What is being asked:
The records below must be copied in full; omit the images.

Given data:
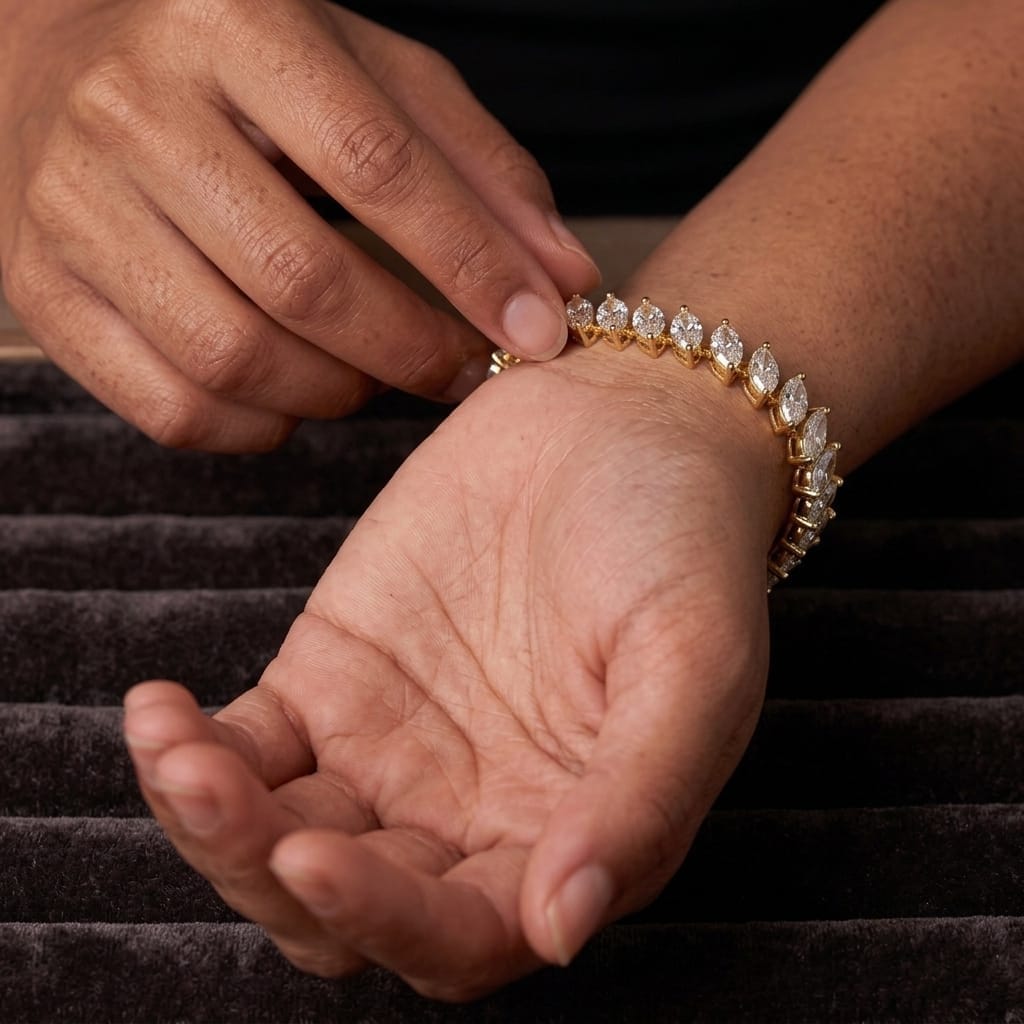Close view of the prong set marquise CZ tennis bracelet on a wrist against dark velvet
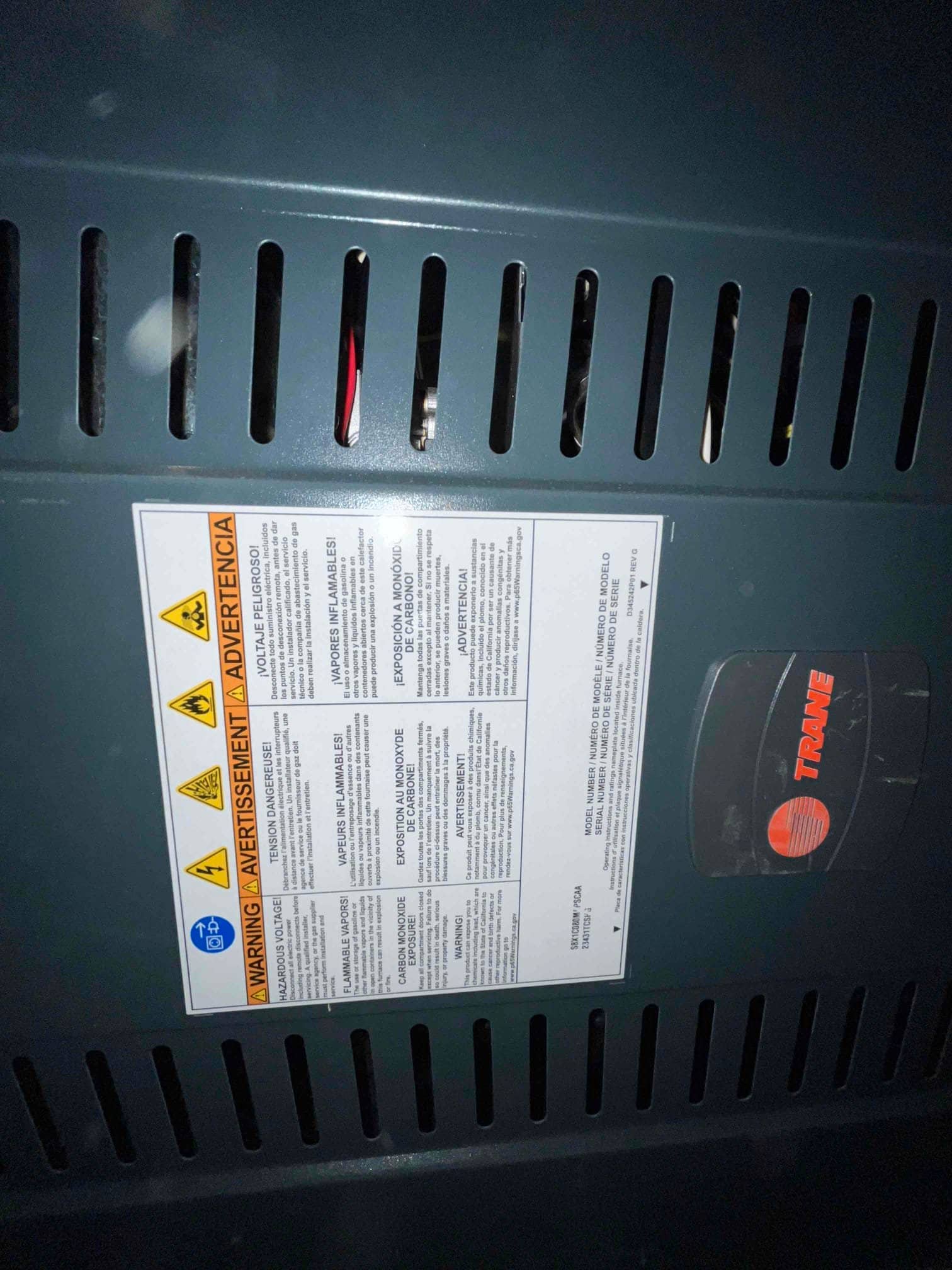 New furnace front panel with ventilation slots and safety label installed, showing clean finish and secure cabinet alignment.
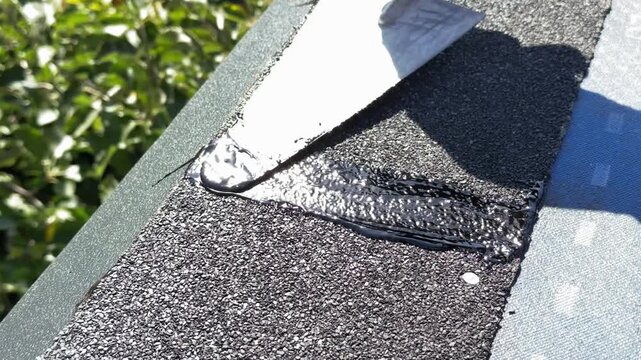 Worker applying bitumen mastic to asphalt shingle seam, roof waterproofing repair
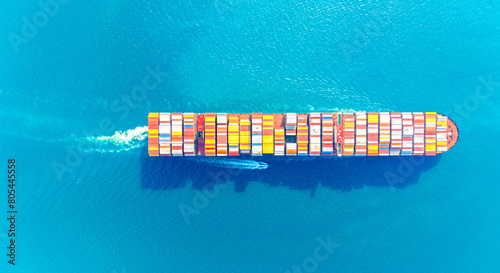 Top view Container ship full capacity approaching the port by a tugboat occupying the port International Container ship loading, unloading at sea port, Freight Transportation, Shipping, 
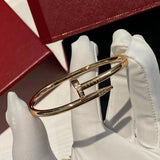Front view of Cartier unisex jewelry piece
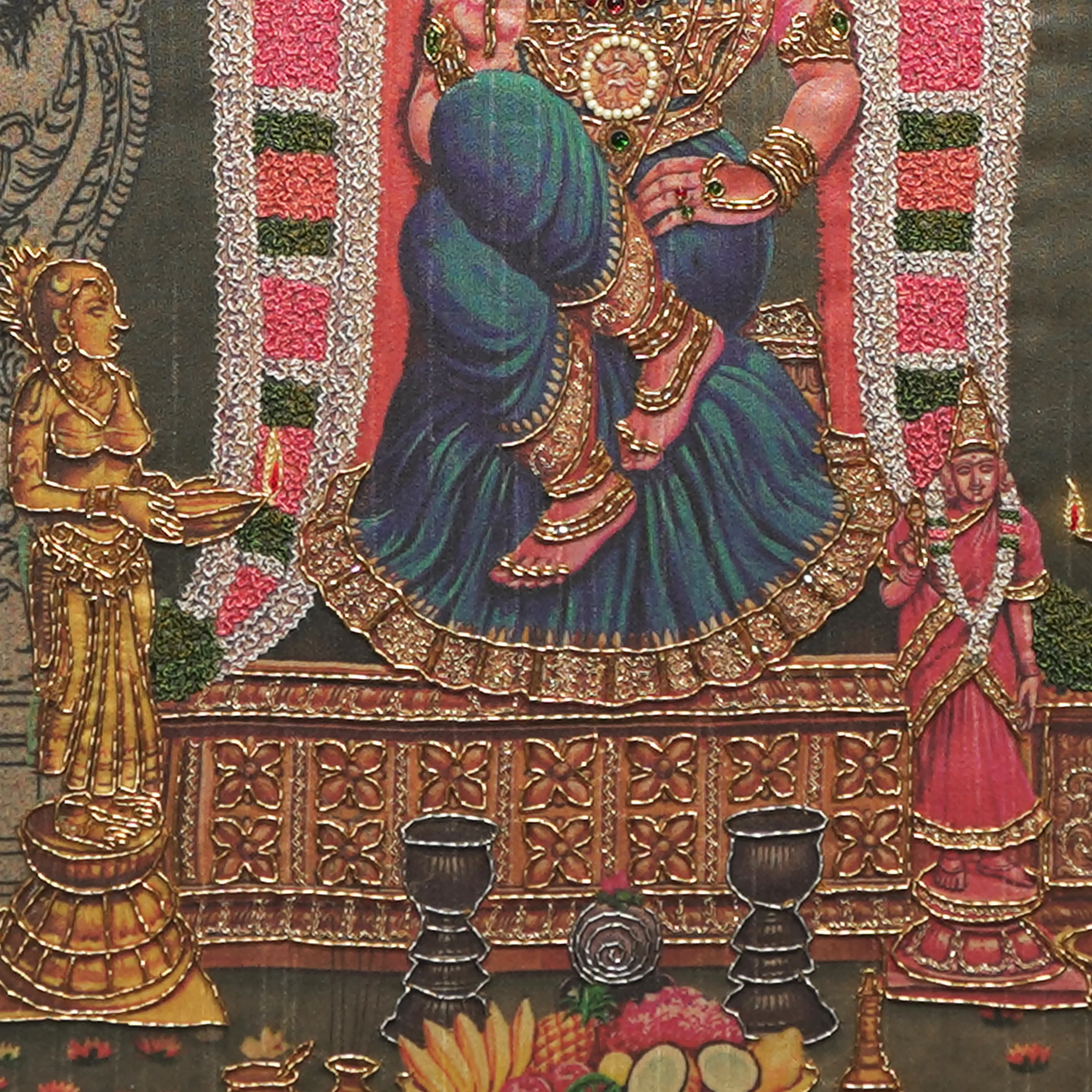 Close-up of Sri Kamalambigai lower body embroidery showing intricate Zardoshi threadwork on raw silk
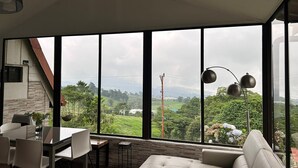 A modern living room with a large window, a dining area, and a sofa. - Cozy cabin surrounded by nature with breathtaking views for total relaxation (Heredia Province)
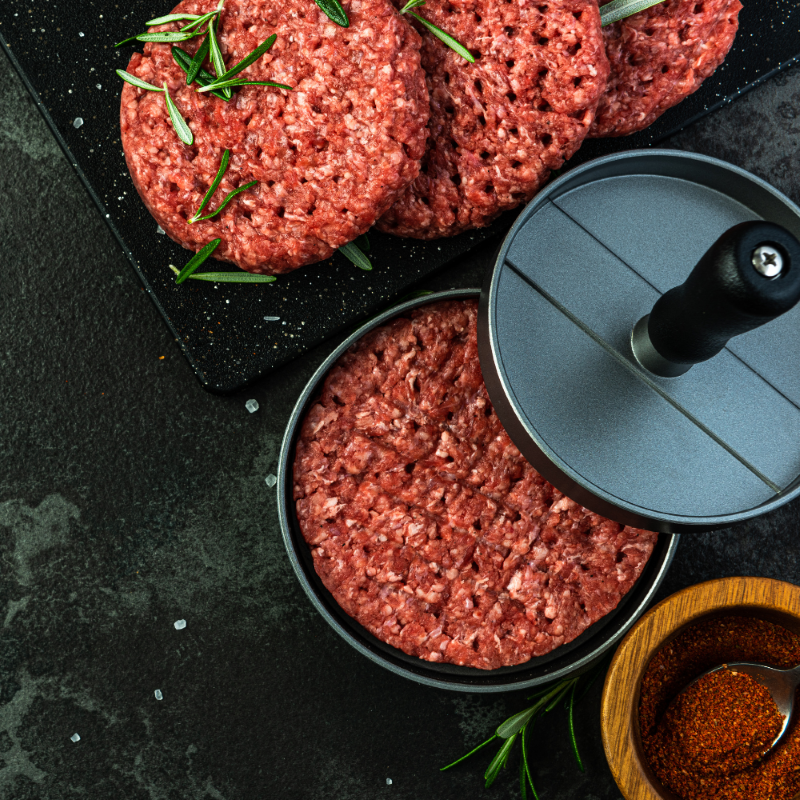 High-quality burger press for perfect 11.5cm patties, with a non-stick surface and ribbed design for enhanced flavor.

Task solution:
Close view of the prong set marquise CZ tennis bracelet on a wrist against dark velvet
 New furnace front panel with ventilation slots and safety label installed, showing clean finish and secure cabinet alignment.
 Worker applying bitumen mastic to asphalt shingle seam, roof waterproofing repair
 Top view Container ship full capacity approaching the port by a tugboat occupying the port International Container ship loading, unloading at sea port, Freight Transportation, Shipping, 
Front view of Cartier unisex jewelry piece
 Close-up of Sri Kamalambigai lower body embroidery showing intricate Zardoshi threadwork on raw silk
 A modern living room with a large window, a dining area, and a sofa. - Cozy cabin surrounded by nature with breathtaking views for total relaxation (Heredia Province)
 High-quality burger press for perfect 11.5cm patties, with a non-stick surface and ribbed design for enhanced flavor.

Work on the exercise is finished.